Um den für die Verjährungsfrist verschiebende Beitragsvorenthaltung erforderlichen Vorsatz bejahen zu können, müsse zusätzlich der dafür erforderliche innere (subjektive) Tatbestand festgestellt werden, zu dessen Ermittlung die konkreten Umstände des Einzelfalls des Beitragsschuldners einbezogen werden sollen. Da nicht aus dem Umstand, dass der Kläger Steuernachforderungen in Bezug auf die Fahrtkostenzuschüsse nicht nachgekommen ist, pauschal auf einen solchen Vorsatz schließen könne, weist das Bundessozialgericht in diesem Punkt die Sache zu dessen tatrichterlicher Feststellung zurück an das Landessozialgericht.

Bewertung

Dem Urteil des Bundessozialgerichts ist zuzustimmen.
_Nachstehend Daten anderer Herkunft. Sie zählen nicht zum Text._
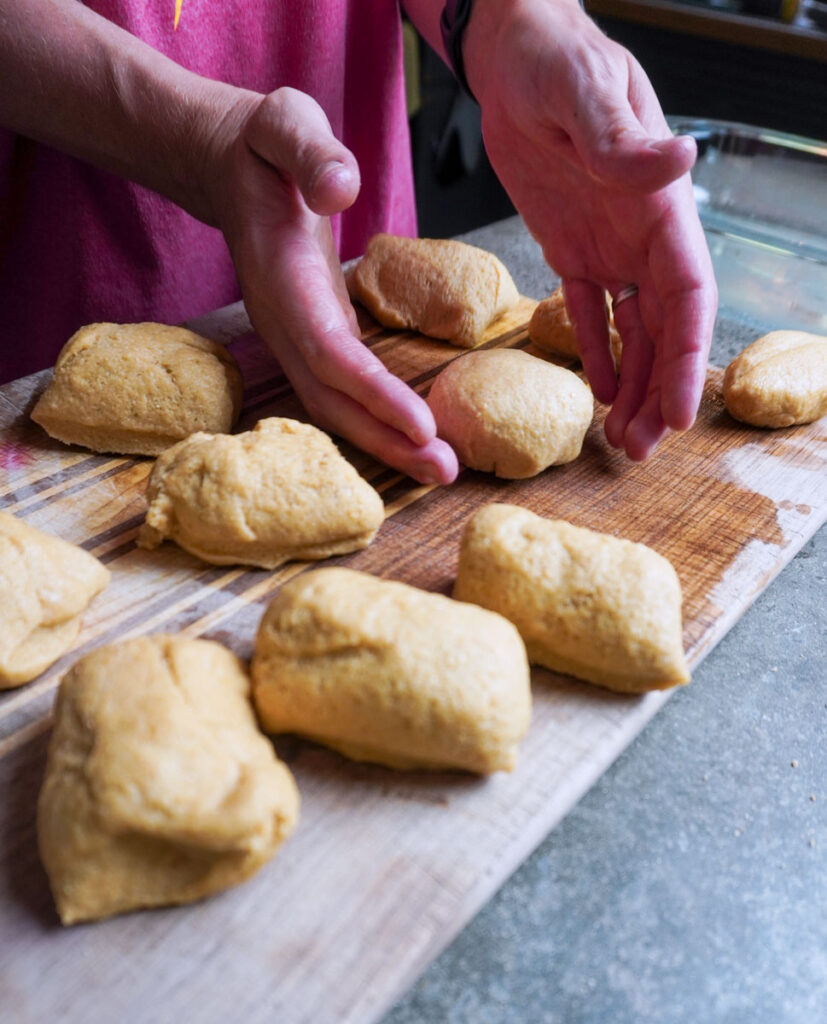 hands shaping several dough balls into dinner rolls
Zu Recht weist es im letztendlich entscheidenden Punkt das Landessozialgericht dazu an, die entsprechenden Tatrichterlichen Ermittlungen nachzuholen. Das Urteil stärkt damit die Einzelfallgerechtigkeit und verhindert Pauschalisierung mit pönalisierender Wirkung.